Of course I'm looking at the negatives, OP is so blindly and religiously positive about UBI that all I can do is that.

"Lowest unemployment rates in history" -- That's a lie. Not your lie, the state's lie. In the 1970s, 96% of ablebodied men worked, and today more like 60% of ablebodied men work. The lie works because of the way the modern unemployment rate is calculated. Instead of seeing who can work and who is working, they only look at who wants to work and has tried to work relatively recently. In order to have a super low unemployment rate, all you need to do is completely blackpill people into not even trying to work for long enough. If we didn't need people working, if this automation problem was as big as people pretend it is, we wouldn't be importing cheap labor from india and mexico en masse.

If the stock market didn't exist, something would. House prices reached all-time highs as well. In Canada, the average house price nation-wide reached $850,000. In a sense, inflation might be even worse for tangible objects if people didn't have this useless thing to dump their money into.

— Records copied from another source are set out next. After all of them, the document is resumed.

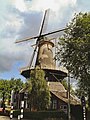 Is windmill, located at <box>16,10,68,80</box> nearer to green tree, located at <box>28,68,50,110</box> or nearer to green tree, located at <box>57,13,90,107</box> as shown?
green tree, located at <box>28,68,50,110</box>

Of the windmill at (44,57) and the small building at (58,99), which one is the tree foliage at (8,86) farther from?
the small building at (58,99)

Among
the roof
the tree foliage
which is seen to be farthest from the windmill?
the tree foliage

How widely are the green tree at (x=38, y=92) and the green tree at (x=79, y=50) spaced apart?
7440mm

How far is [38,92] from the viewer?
158 feet

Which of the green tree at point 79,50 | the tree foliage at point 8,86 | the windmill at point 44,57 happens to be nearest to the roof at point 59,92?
the windmill at point 44,57

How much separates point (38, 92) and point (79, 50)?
43.3 ft

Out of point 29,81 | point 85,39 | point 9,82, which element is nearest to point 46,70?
point 29,81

People will NOT be "well fed, housed, and healthy" if we implement UBI. Prices will rise, putting basics out of touch of many people, and more importantly, all those nice social programs you support will be eliminated. That's why OP thinks it'll save money, because you implement UBI to the exclusion of all other social programs. No more public medicine, no more public housing, no more social work, all of that eliminated and instead you just get a check in the mail. As I've already said in my original post, a lot of people need more than just a check in the mail. I'm inclined to think you agree, since you breathlessly went on about how great many social programs are in another post in this story.